Ningún pueblo, ningún hombre elige nunca plenamente; son condicionamientos y factores exteriores los que, al final, acaban muchas veces decidiendo sus destinos. Y aun en ellos la duda seguirá siempre acompañándolos como una maldición irreductible. En las encrucijadas, sin embargo, ningún dato exterior señalará al viajero su camino. En las encrucijadas, los rumbos se confunden hasta el punto de hacer casi imposible la elección. Pues, aunque conozcamos por las leyendas populares y los cuentos que el lobo ataca siempre por el camino de la izquierda y la peste y las ánimas en pena por el de la derecha, no es menos cierto lo que el propio Cunqueiro, citando al antropólogo suizo Charles F. Ramuz, decía: que un hombre puesto en el centro de una encrucijada, a medida que va girando sobre sí mismo, tendrá todos los caminos a su izquierda y también a su derecha.
El problema de España es que siempre se ha creído en una encrucijada. La tragedia de los españoles es que nunca hemos sabido bien en qué lugar y en qué momento vivimos. Ahora faltan, por ejemplo, trece años para el 2000 y aquí seguimos sin saber muy bien si mirar hacia atrás o hacia delante, si echar a caminar más allá de nuestros límites geográficos o quedarnos contemplando eternamente los restos del naufragio del franquismo. Pasamos, eso sí, con naturalidad pasmosa y en apenas unos días, sin quiebra del equilibrio ni reflexión alguna, del autarquismo prehistórico a la posmodernidad, del compromiso militante a la movida, pero, en el fondo, seguimos debatiéndonos en una incertidumbre hamletiana que nos lleva a poner una vela al dios de Europa y otra al diablo del tercermundismo.

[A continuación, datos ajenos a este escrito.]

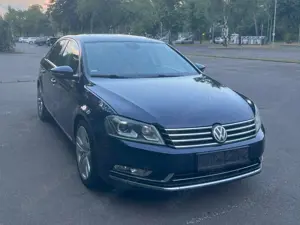 Volkswagen Passat Limo Highline,Navi,Standheizung,Leder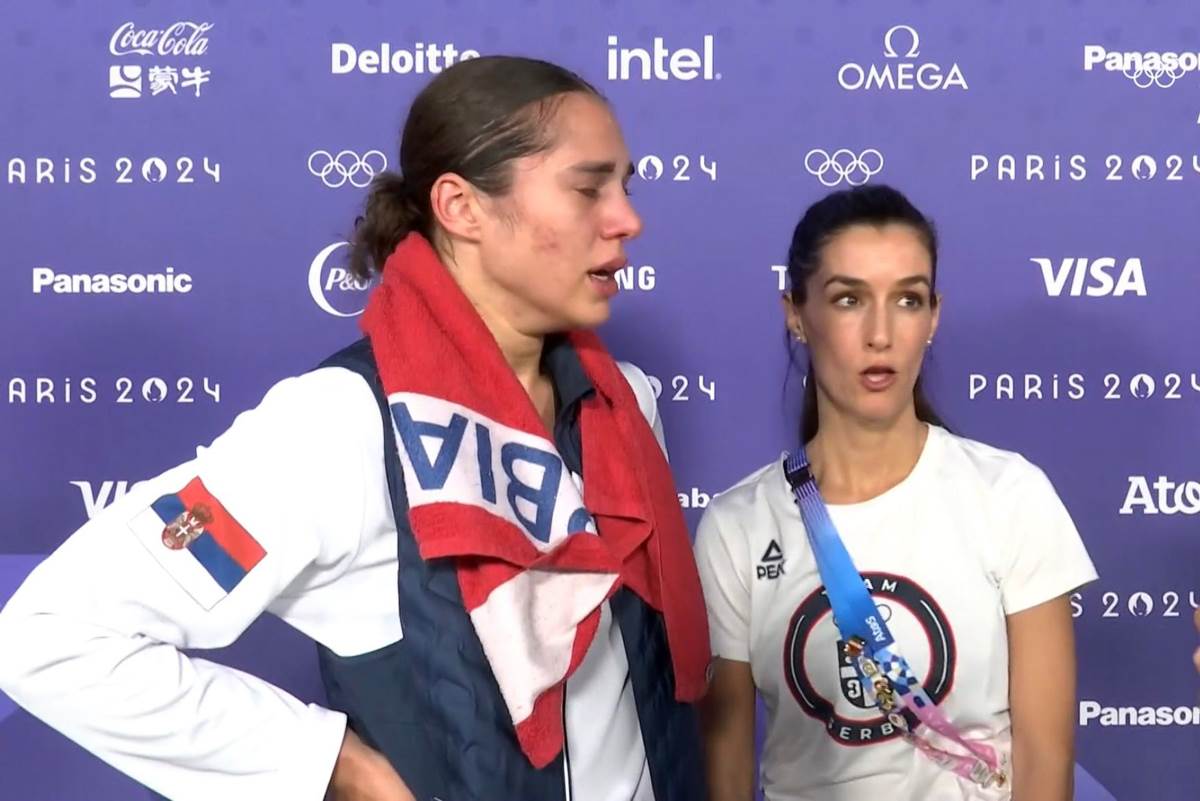 Aleksandra Perišić plače.jpg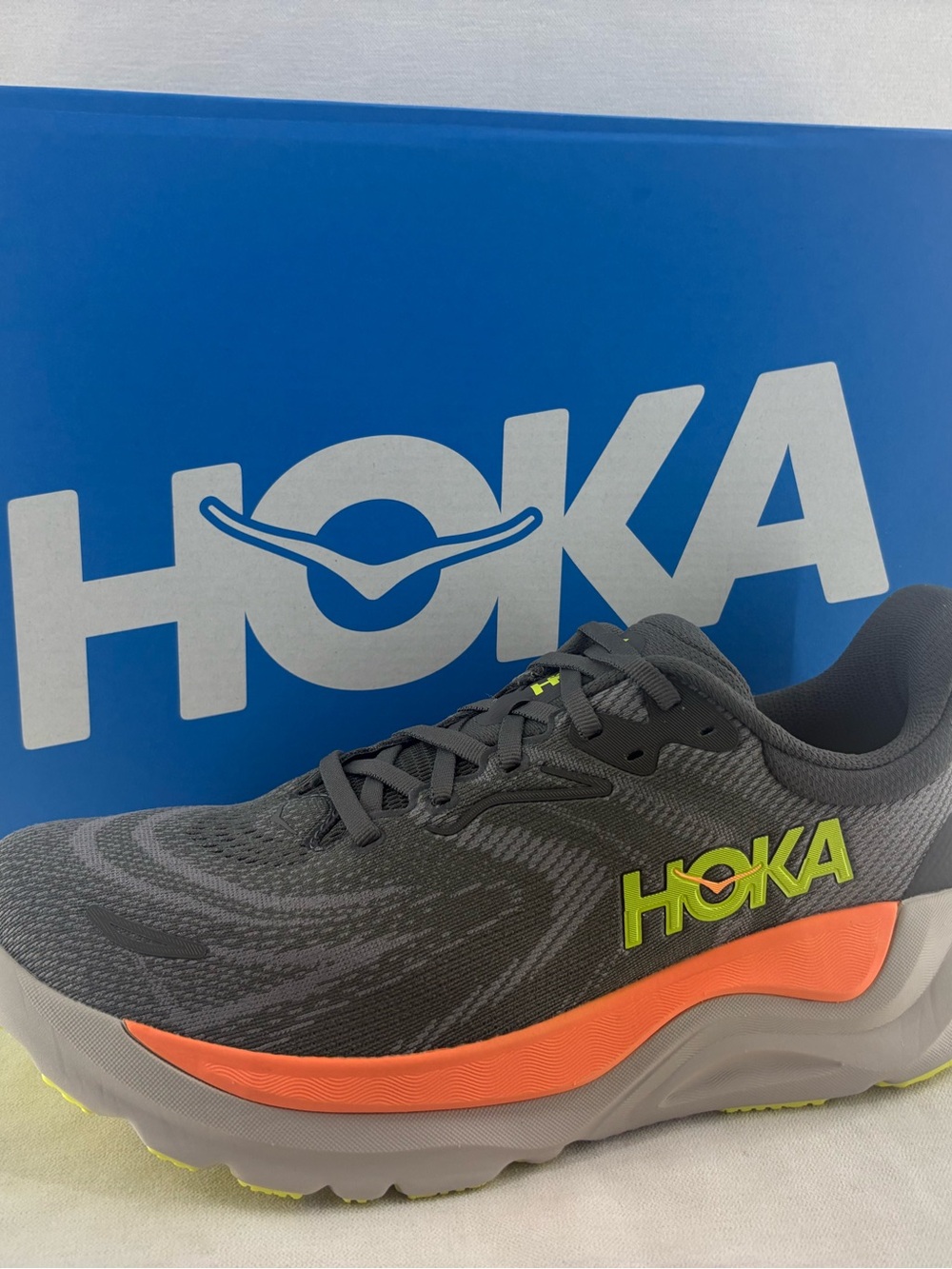 Hoka Mens Arahi 8 Running Shoe size 9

Sobre todo, en el terreno de la cultura. Superadas, por fin, las servidumbres ideológicas que la anormalidad en que hasta hace poco vivíamos convertía en decisivas, llegada ya la lógica apertura hacia esos problemas radicales sobre los que siempre ha gravitado la atención del arte, la cultura española se empeña, sin embargo, en ampararse —para no seguir su camino— en el terror a una encrucijada que sólo existe ya como impostura y en exculpar su dejación sobre la base de una crisis de valores (llámese crisis, hastío o desencanto) que, además de exprimida hasta el cansancio, en los más de los casos encubre únicamente el miedo a la derrota o a la mediocridad.
Sobre la desolación de tantas vías muertas, entre el provincianismo vertebrado de otro tiempo y el cosmopolitismo de salón que ahora viene a querer sustituirlo, alientan los fantasmas familiares de una cultura que cubre su indigencia sempiterna con la riqueza repentina de una universalidad de cartón piedra y un impostado mimetismo. Una cultura autocomplaciente y hueca que, en el fondo, lo único que encubre es su falta de valor y su miedo cerval a enfrentar con decisión la gran página en blanco del futuro: ese lugar en el que, nos guste o no, habremos de pasar el resto de nuestros días.
Por eso, yo, como Cunqueiro y los gallegos viejos, me santiguo en la encrucijada sin nombrarla y sigo, solitario, mi camino.